### Required work
Go through the following data and transcribe exactly the stretch of lines from the one holding "Tongs holding heat treated blade" to the one holding "La bambina con", both included.
-- Opening Marker --
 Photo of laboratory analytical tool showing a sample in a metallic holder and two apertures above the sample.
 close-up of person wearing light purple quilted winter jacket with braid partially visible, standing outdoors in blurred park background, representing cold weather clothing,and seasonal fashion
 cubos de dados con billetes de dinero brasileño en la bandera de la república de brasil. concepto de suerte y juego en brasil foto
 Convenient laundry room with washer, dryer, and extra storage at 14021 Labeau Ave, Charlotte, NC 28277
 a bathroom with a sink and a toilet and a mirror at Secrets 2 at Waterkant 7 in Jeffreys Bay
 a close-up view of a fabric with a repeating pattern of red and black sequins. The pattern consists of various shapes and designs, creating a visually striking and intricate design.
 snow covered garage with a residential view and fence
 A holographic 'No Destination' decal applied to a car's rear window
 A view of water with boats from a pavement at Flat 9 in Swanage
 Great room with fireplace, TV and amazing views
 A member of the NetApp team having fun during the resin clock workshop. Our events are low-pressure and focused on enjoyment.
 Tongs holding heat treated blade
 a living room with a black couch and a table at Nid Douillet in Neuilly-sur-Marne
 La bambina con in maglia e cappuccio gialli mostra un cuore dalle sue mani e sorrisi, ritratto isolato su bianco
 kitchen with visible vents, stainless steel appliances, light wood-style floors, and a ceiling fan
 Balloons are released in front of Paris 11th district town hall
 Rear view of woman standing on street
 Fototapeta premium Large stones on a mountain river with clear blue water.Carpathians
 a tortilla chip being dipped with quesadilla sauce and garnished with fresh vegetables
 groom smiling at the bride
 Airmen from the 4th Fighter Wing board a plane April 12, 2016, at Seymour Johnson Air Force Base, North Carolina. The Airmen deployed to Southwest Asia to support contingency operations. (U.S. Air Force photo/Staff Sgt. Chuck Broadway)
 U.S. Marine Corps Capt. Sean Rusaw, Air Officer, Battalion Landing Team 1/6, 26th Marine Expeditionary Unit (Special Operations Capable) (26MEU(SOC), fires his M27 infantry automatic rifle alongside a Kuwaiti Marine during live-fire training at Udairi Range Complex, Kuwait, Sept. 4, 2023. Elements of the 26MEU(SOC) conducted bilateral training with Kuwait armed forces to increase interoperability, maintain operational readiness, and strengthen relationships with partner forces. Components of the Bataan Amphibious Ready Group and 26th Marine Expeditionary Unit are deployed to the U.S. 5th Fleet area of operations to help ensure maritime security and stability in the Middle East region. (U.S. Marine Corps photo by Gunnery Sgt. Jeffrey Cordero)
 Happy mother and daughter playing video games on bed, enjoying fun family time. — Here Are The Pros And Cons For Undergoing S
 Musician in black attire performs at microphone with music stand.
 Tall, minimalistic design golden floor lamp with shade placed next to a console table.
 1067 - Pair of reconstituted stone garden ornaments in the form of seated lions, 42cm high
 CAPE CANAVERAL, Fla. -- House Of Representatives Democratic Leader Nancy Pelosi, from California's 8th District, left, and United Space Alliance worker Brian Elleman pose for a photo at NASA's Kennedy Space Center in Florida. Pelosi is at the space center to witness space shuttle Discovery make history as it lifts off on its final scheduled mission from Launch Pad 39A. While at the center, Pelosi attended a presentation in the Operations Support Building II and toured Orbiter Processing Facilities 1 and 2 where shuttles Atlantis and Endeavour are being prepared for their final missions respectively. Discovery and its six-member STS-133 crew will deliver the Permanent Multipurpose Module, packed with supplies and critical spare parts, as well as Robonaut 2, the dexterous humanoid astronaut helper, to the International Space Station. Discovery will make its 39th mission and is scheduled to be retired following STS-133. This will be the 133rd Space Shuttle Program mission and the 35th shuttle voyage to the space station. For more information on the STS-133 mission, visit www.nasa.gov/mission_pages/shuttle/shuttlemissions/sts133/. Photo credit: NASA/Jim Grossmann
-- Closing Marker --
### Solution
 Tongs holding heat treated blade
 a living room with a black couch and a table at Nid Douillet in Neuilly-sur-Marne
 La bambina con in maglia e cappuccio gialli mostra un cuore dalle sue mani e sorrisi, ritratto isolato su bianco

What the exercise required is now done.